Group Assignment Pre-test observation Manipulation Post-test observation
High racial loading Random Evaluation, Perceived Acceptance, Enjoyable, Similar Yes: “Nice talking to you. You speak English well for an Asian.” Evaluation, Perceived acceptance, Enjoyable, Similar, Accuracy, Additional talk time
Control Random Evaluation, Perceived Acceptance, Enjoyable, Similar Yes: “Nice talking to you.” Evaluation, perceived acceptance, Enjoyable, Similar, Accuracy, Additional talk time
High racial loading Random none Yes: “Nice talking to you. You speak English well for an Asian.” Evaluation, Perceived acceptance, Enjoyable, Similar, Accuracy, Additional talk time
Control Random none Yes: “Nice talking to you.” Evaluation, perceived acceptance, Enjoyable, Similar, Accuracy, Additional talk time

Instrumentation: changes in the measuring instrument or measurement procedures over time.

  • Tran and Lee (2014): NA.
  • In other research: Research team members are categorizing counselor “utterances” (e.g., open-ended questions, closed-ended questions, reframes, restatements, challenges) and the meanings/definitions of these shift over time.
  • Commonly occurs in: Designs with human raters
  • Remedy: standardized measures, automated scoring devices, manipulation checks, strict standardized procedures, assessing inter-rater reliability

Statistical Regression toward the mean: the tendency for extreme scores on any measure to revert (or regress) toward the mean of a distribution at re-administration.

  • Tran and Lee (2014): If there had been an immediate national news story related to racism toward Asian Americans related to COVID-19 and the study occurred in that day (but then the post-test would have needed to be spaced further out).
  • In other research: Parental stress is extremely high when the parent enrolls in a parenting class and it is less high at the next measurement
  • Commonly occurs in: Designs where research participants are enrolled when they present for services
  • Remedy: random assignment to treatment; no-treatment control groups

Spontaneous remission: the tendency for medical and psychological problems to improve over time without any form of treatment

  • Tran and Lee (2014): difficult to imagine
  • In other research: the presence of depression symptoms that are not present six months later
  • Commonly occurs in: Designs where research participants are enrolled when they are patients who present for services
  • Remedy: random assignment to treatment & no-treatment control groups

4.5 Experimental Designs

Research can achieve the state of experimental when

  • The analysis seeks to determine whether changes in the independent variable (IV, a factor or predictor variable with two or more conditions/levels) lead to change in the dependent variable (DV, outcome variable);
  • To rule out potential confounds and plausible rival hypotheses, there is maximum control over extraneous variables/noise; this control might be achieved through
    • Inclusion/exclusion criteria,
    • Manualized protocols,
    • Standardization of context/setting.
  • The IV/factor is systematically manipulated; comparing two groups of people who differ on the IV is not an experiment (see Jhangiani et al.’s (2019) chapter on non-equivalent group designs);
  • Random assignment to the conditions. This is the gold standard; without random assignment there is no experiment.
    • A random clinical trial involves random assignment to treatment and control conditions,
    • Causality is often better established when the control condition offers a placebo (a believed-to-be inert condition that looks like the treatment condition). Placebos often work! Just for fun (optional) see WNYC’s Radiolab story on Placebo and Hidden Brain’s episode, All the World’s a Stage – Including the Doctor’s Office
  • For ethical and practical reasons (i.e., the researchers believe the treatment is effective and wish it to be given to many), there can be a wait-list control condition.

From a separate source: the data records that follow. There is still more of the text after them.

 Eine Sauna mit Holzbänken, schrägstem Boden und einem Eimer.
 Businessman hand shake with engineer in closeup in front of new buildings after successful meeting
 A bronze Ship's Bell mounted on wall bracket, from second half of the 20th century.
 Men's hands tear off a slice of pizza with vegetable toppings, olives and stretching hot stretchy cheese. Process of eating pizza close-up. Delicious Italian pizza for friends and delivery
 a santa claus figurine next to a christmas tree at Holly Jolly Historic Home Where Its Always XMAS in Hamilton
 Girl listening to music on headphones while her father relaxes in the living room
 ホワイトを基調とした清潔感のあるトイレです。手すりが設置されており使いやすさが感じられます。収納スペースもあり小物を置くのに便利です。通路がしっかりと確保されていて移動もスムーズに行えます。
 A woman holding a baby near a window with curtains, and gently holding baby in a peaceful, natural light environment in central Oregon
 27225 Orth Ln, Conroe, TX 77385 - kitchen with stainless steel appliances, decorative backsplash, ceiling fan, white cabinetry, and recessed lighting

Within this broad category of a variety of designs consider the following:

4.5.1 Between-Subject Experiments

Each person is randomly assigned and tested in only one condition. This would have been the case for Tran and Lee (2014), had there not been a pre-test observation.

Group Assignment Manipulation Post-test observation
Low racial loading Random Yes: “Nice talking to you. You speak English well.” Evaluation, Perceived acceptance, Enjoyable, Similar, Accuracy, Additional talk time
High racial loading Random Yes: “Nice talking to you. You speak English well for an Asian.” Evaluation, perceived acceptance, Enjoyable, Similar, Accuracy, Additional talk time
Control Random Yes: “Nice talking to you.” Evaluation, perceived acceptance, Enjoyable, Similar, Accuracy, Additional talk time

Random assignment protocols can be achieved in a variety of programs including R and randomizer.org.

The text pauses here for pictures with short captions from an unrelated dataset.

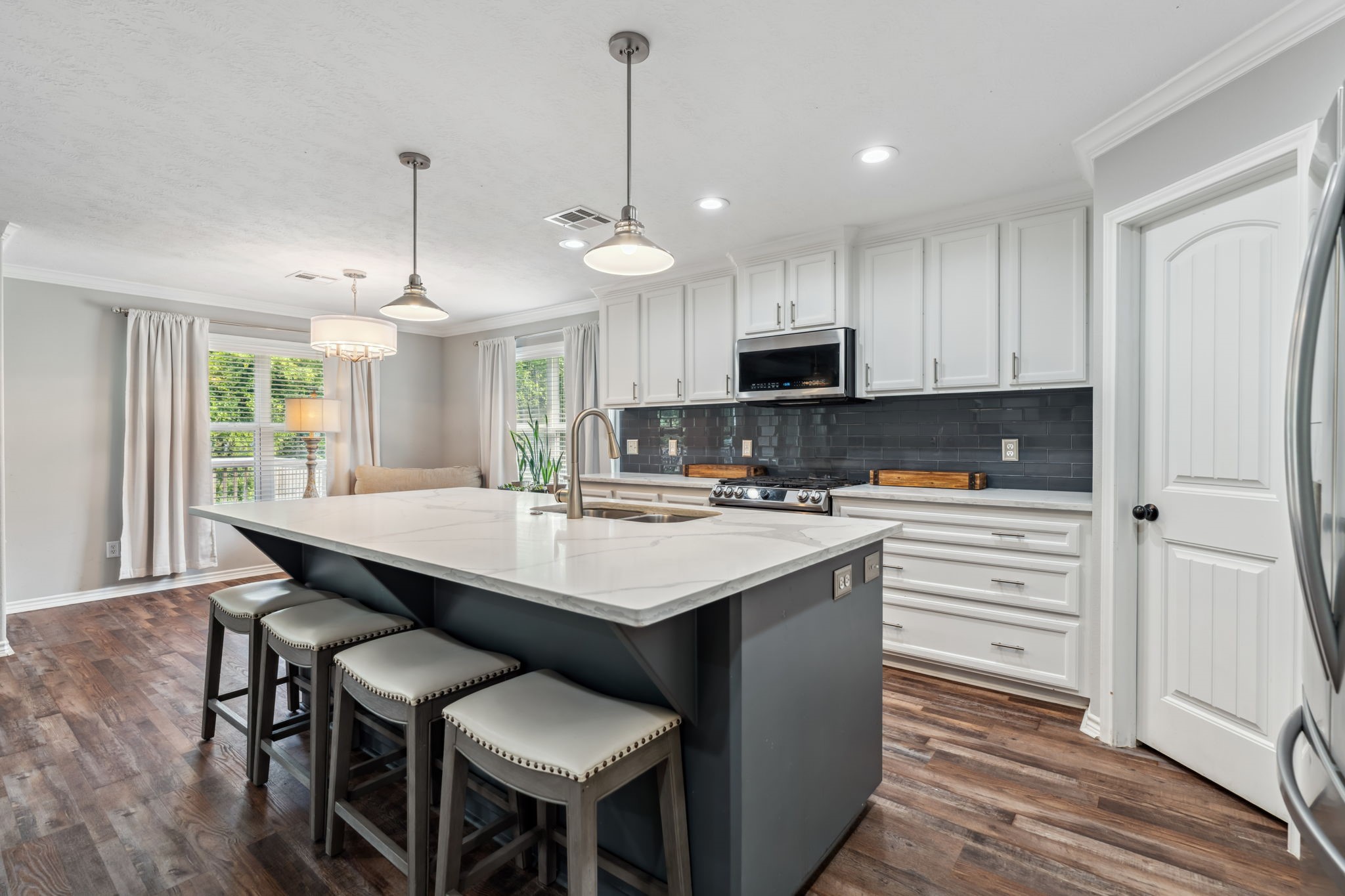 129 Bridgepoint Onalaska, TX 77360 - Photo 8 of 35 a kitchen with kitchen island granite countertop a sink a center island and appliances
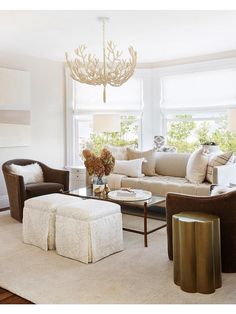 a living room filled with furniture and a chandelier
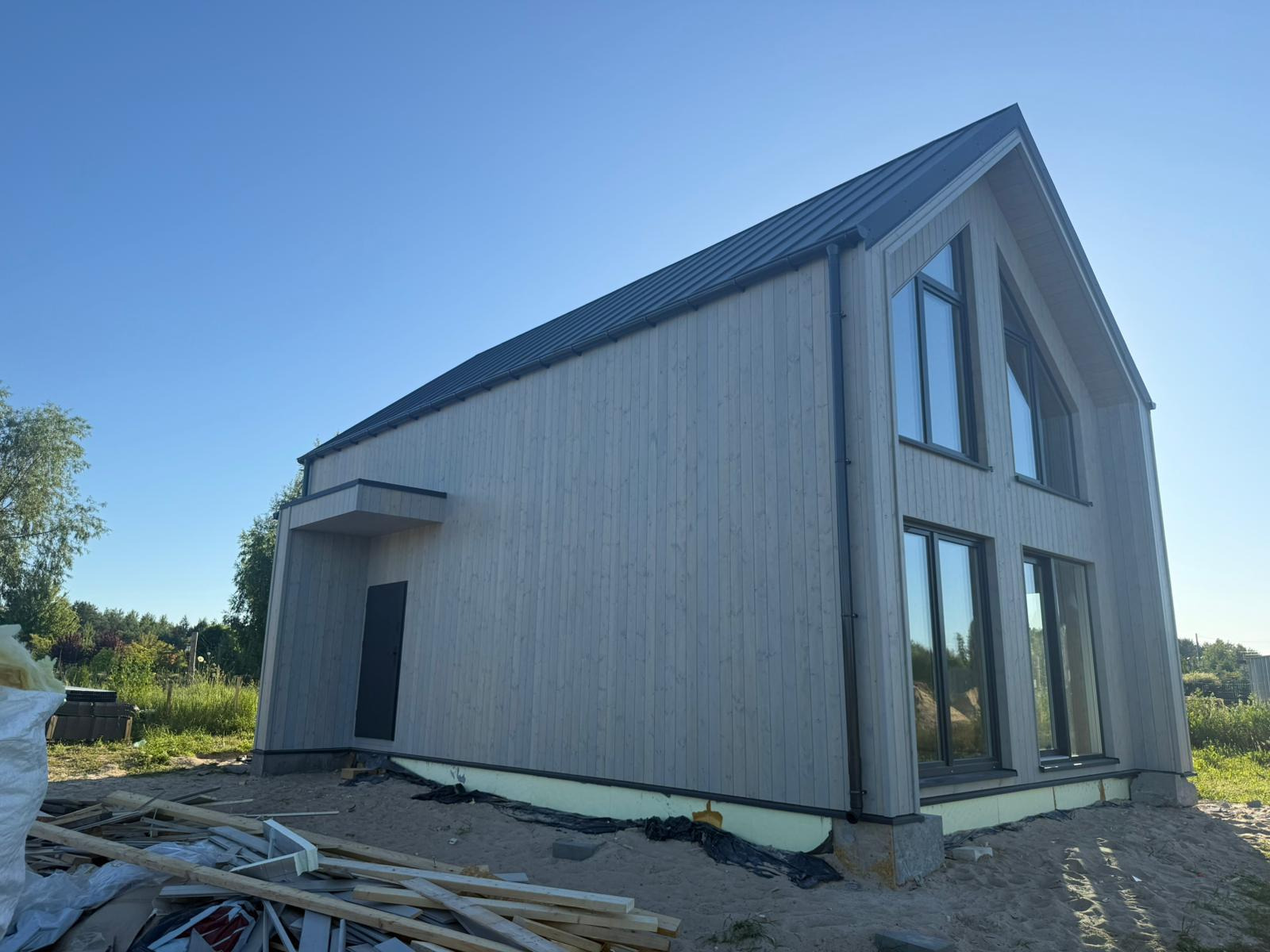 Nowoczesny dom szkieletowy z drewnianą elewacją i czarnym dachem, widoczny z zewnątrz w słoneczny dzień, z elementami placu budowy u podstawy.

Random assignment is often determined one participant at a time (i.e., simple random assignment where each person has an equal chance of being randomly assigned to any of the groups). When there is strict need for balanced designs (equal cell/group sizes), a block randomization protocol can be specified (i.e., all conditions occur once in the sequence before any of them is repeated; then they all occur again before any is repeated). Within each of these “blocks” the conditions occur in a random order.

For example, if Tran and Lee had used a block randomization, the first nine assignments might have looked like this:

Participant Condition
1 Low
2 High
3 Control
4 High
5 Low
6 Control
7 Control
8 Low
9 High

Matched groups is an variant of simple random assignment. Here, participants are ranked on some variable the researcher wishes to control. If Tran and Lee believed that internalized racism would impact the outcomes, the participants could take a pre-test of internalized racism. Participants could be placed in rank order of score. The highest three would be randomly assigned to the three conditions; then the next highest three and so forth.

4.5.2 Within-Subject Experiments

In a within-subjects experiment each participant is tested under all conditions. We can imagine the Tran and Lee (2014) circumstance – perhaps the participant shows up to Psych 101 experiments 3 weeks in a row and, each time, is somehow exposed to the high racial loading, low-racial loading, and control conditions (we’d need to be a little creative so it wouldn’t be obvious).

An advantage of any within-subjects/repeated measures experiment is that it provides maximum control of extraneous participant variables (e.g., the participants all have the same SES, IQ, contextual variables).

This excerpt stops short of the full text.